Adds appear on your desktop every 3 to 7 minutes when using internet explorer, all options in IE are turned to not allow popups. The help sites say to remove propgram CiDHelp or install Hijack this. Adaware does not detect any threats and Nortons does not detect anything. There are no programs in the uninstall list that conforms to the listed names to remove.

SOLUTION:

The clever little nasty people who have done this to your computer are from MESSENGER PLUS and even EBAY chooses to advertise with these anoying computer freaks.

Use Windows Explorer (right click on start and select explore) to navigate to C:\program files\Messenger plus

Select the uninstall option and tick all the boxes to delete the program and all of their sponsor sites as well. I strongly recommend you send some of the advertisers like EBAY a nasty message protesting the use of this disgusting advertising channel. Note these rotten peopl install the software by stealth and have been updating their software to avoid the major anti adware players sorting them.


----------



## hewee (Oct 26, 2001)

If you go to ebay.com I see ads there that come from http://us.ebayobjects.com/ but it is a DoubleClick advertising server.

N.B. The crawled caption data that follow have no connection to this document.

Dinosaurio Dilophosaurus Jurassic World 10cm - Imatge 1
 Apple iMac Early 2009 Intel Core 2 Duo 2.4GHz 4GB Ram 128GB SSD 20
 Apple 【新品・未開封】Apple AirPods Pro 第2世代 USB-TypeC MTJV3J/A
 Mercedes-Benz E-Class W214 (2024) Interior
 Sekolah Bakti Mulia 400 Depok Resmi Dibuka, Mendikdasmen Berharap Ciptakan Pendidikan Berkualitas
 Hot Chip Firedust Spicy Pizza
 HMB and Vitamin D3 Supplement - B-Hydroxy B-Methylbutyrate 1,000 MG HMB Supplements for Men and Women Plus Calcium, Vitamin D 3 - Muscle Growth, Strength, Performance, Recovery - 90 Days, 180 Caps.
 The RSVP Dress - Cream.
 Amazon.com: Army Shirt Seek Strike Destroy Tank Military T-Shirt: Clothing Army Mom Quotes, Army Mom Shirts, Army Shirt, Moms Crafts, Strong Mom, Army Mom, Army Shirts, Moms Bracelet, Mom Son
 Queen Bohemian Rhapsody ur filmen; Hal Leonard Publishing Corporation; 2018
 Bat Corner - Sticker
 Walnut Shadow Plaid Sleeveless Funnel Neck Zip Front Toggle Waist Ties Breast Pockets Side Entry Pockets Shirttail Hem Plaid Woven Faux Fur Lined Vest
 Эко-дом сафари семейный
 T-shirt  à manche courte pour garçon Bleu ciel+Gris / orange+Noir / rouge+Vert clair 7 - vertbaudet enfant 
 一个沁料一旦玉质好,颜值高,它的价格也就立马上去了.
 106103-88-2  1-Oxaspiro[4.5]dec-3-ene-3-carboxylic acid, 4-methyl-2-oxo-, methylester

You could try adding us.ebayobjects.com to your hosts file to block out those ads. 
Don't know if blocking it will effect other parts of the site or not.


----------



## chelseaboy (Aug 2, 2007)

Do you have any advice for the same on the Vista Home edition please. AS you prob know..there is no C:\ program files\

The only root c:\ is USERS and one other ( cant remember)

Thanks

Chris


----------



## hewee (Oct 26, 2001)

http://www.mvps.org/winhelp2002/hosts.htm

A hosts file works on any OS.

I use HostsMan and it's easy to use and edit things.


----------